Quant à la population caribéenne d’origine, elle n’a pas résisté à la colonisation européenne et des peuples, comme les Arawaks ou les Tainos ont disparu de la surface de la Terre. En quoi, cela serait-il moins grave qu’une espèce végétale ou animale ?

  • Conséquences
  • Ecologiques : Désertification, déforestation…
  • Solidaires : Génocides, mortalité, éducation…
  • Démocratiques : Esclavage, racisme…

La colonisation, y’a bon ! Non, y’a pas bon !

La période suivante, qui a pu d’ailleurs se superposer à la période de l’esclavage, a vu la pénétration des forces colonialistes vers l’intérieur des terres pour un objectif unique, tirer le maximum des ressources forestières, minières ou agricole des pays colonisés.

Si au début du 20ème siècle, la SDN a posé quelques règles en matière de devoirs des puissances coloniales (santé, éducation, infrastructures…), ces règles étaient bien timides et ne garantissaient aux « indigènes » que le strict minimum dans le meilleur des cas.

Ainsi, le cas du Congo Belge est éclairant à plus d’un titre. D’abord, attribué au Roi des Belges (Léopold 1er) en tant que propriété personnelle, le Congo qui s’est d’abord appelé « Etat Libre du Congo » a été mis en valeur pour le seul profit de Léopold. La SDN qui commencera à s’émouvoir demandera timidement des investissements modestes pour le bénéfice des populations. Pensant avoir su tirer du sol, du sous-sol et de la force de travail des Congolais le maximum, Léopold refourguera le bébé à la Belgique en 1908 tout en continuant à piller le pays par l’intermédiaire des sociétés minières notamment.

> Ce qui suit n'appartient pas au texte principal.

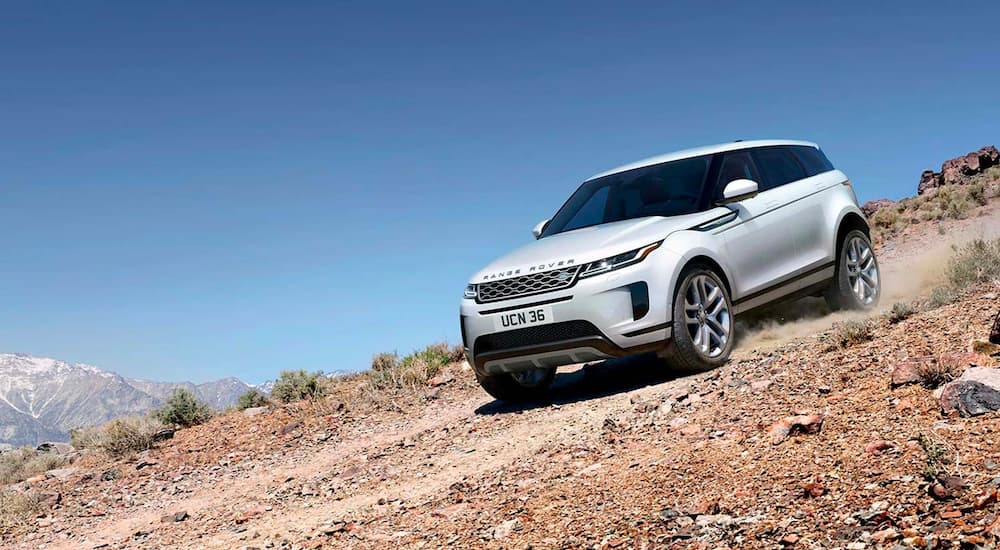 A white 2022 Range Rover Evoque is shown driving down a rocky path.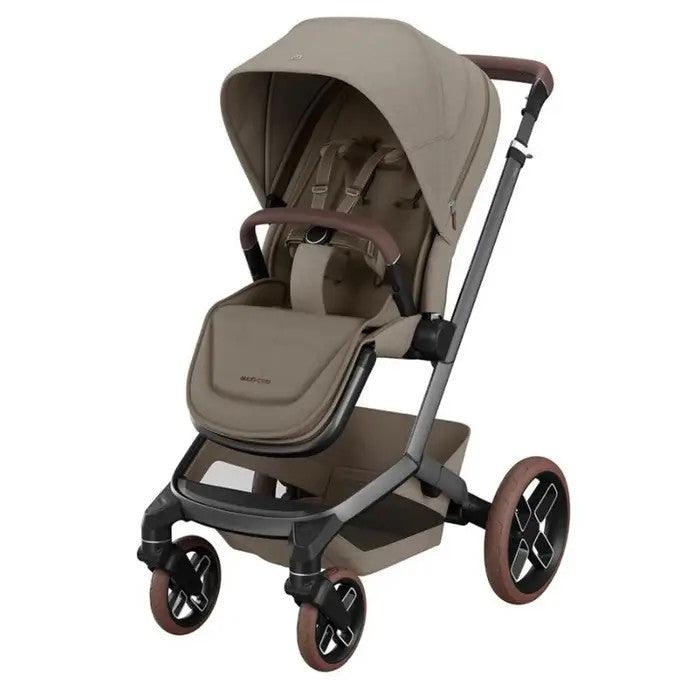 Maxi Cosi Fame stroller in beige fabric with canopy raised, brown handles, and a storage basket while rolled on four wheels.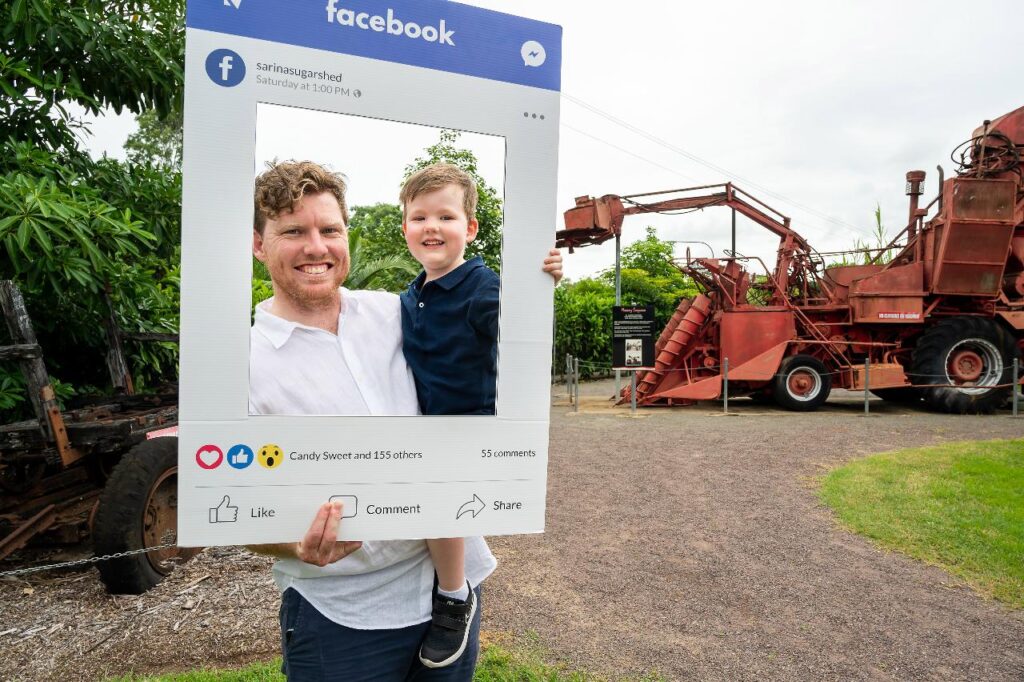 A man holds a young boy while both pose behind a large mock Facebook photo frame; old farming machinery is visible in the background outdoors.
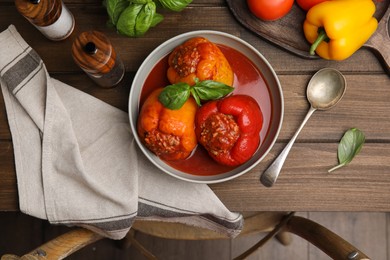 Delicious stuffed peppers served on wooden table, flat lay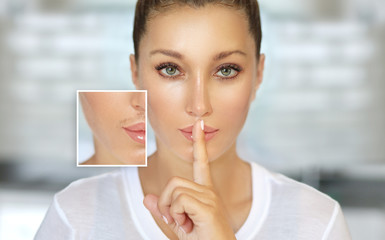 young woman with finger on her lips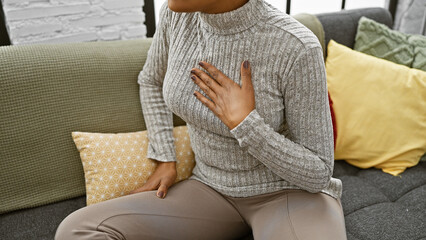 An adult woman with curly hair wearing a sweater sits indoors on a couch, hand on chest, in a cozy...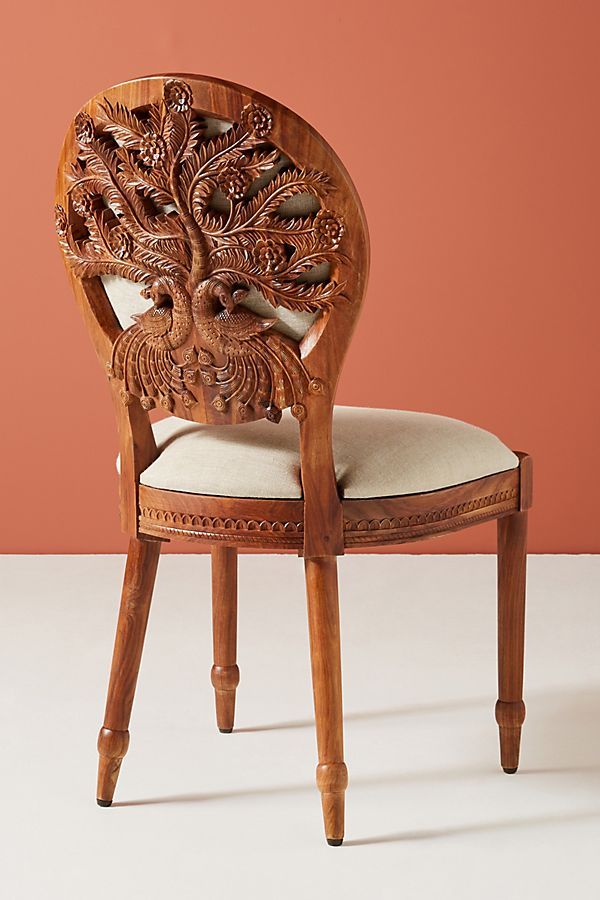 Handcarved Peacock Dining Chair added by Jourdan Reinhart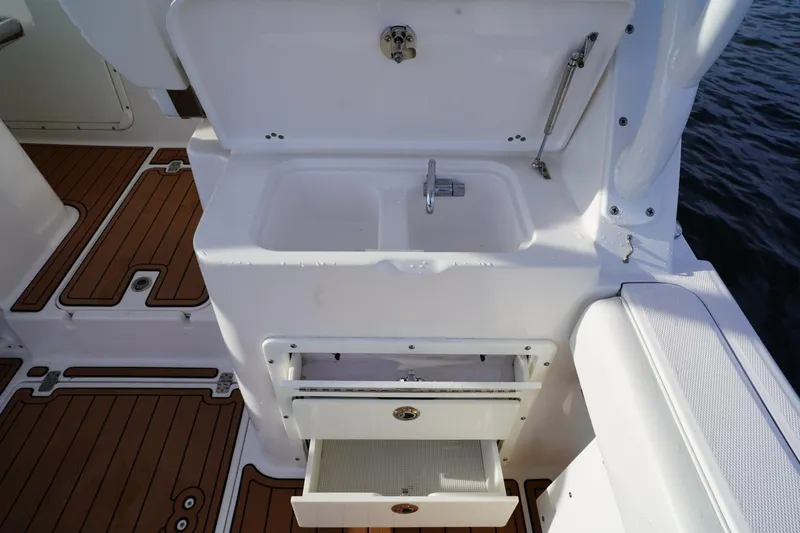 Slide: The Image of Edgewater 280 CX 2016 boat interior with sink and storage drawers. - 21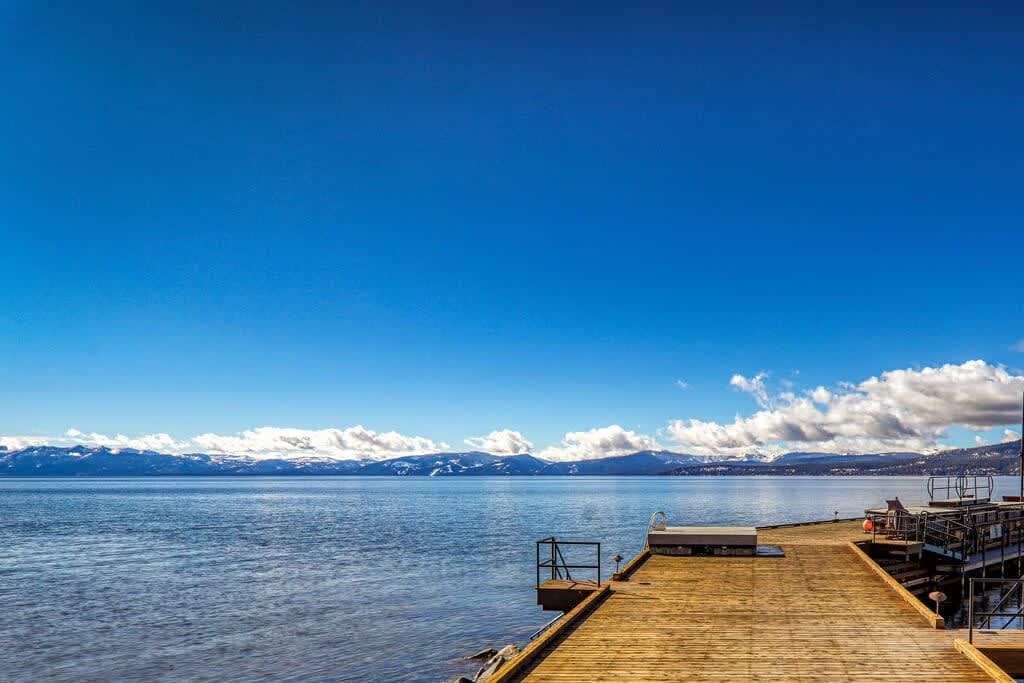 A tranquil lakeside view is captured, featuring a wooden pier extending into calm waters. The expansive blue sky above is dotted with fluffy white clouds, while distant mountains line the horizon, creating a serene backdrop.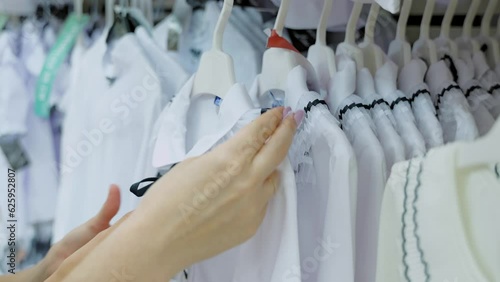 Close-up of a woman looking at a school blouse in a store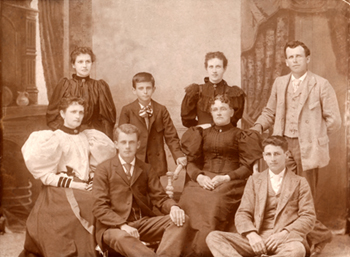 photo portrait of Jewett with six siblings and mother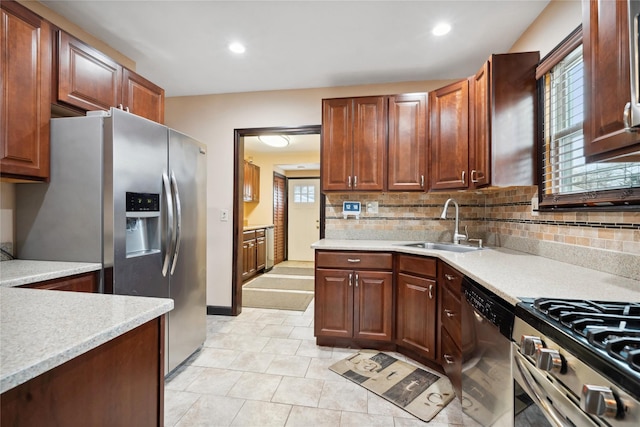 kitchen featuring decorative backsplash, sink, light tile patterned floors, and stainless steel appliances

L’éducation se limitera au minimum pour les garçons comme pour les filles. La construction du chemin de fer se fera, non pour des voyageurs, mais pour les marchandises, bien sûr, destinées à la puissance coloniale.

Ce sera également le début de l’agriculture d’exportation, café, cacao, fruits, manioc… Les colonies apportant par exemple les bananes du Banania et le manioc du tapioca qui permit à la génération née pendant la seconde guerre mondiale à recevoir suffisamment de calories dans une Europe dévastée. On pourrait bien sûr rappeler la présence des anciens combattants originaires d’Afrique qui constituèrent la colonne vertébrale de la 2ème DB.

Puis, la paix revenue en Europe, les massacres de Sétif ou de Madagascar rappelèrent aux colonisés leur statut et leur impossible (à l’époque) accès à l’indépendance.

Ces cultures de rente et cette exploitation des ressources minières auront la vie dure… jusqu’à aujourd’hui. Malgré les tentatives de certains députés de droite de présenter la colonisation sous un aspect positif, l’Afrique Noire notamment était bien mal partie comme l’avait annoncé René Dumont à l’aube des années 60.

  • Conséquences
  • Ecologiques : surexploitation des terres, pillage du sous-sol…
  • Solidaires : colonialisme, utilisation des colonies comme réservoir
  • Démocratiques : citoyenneté de seconde zone, racisme institutionnel…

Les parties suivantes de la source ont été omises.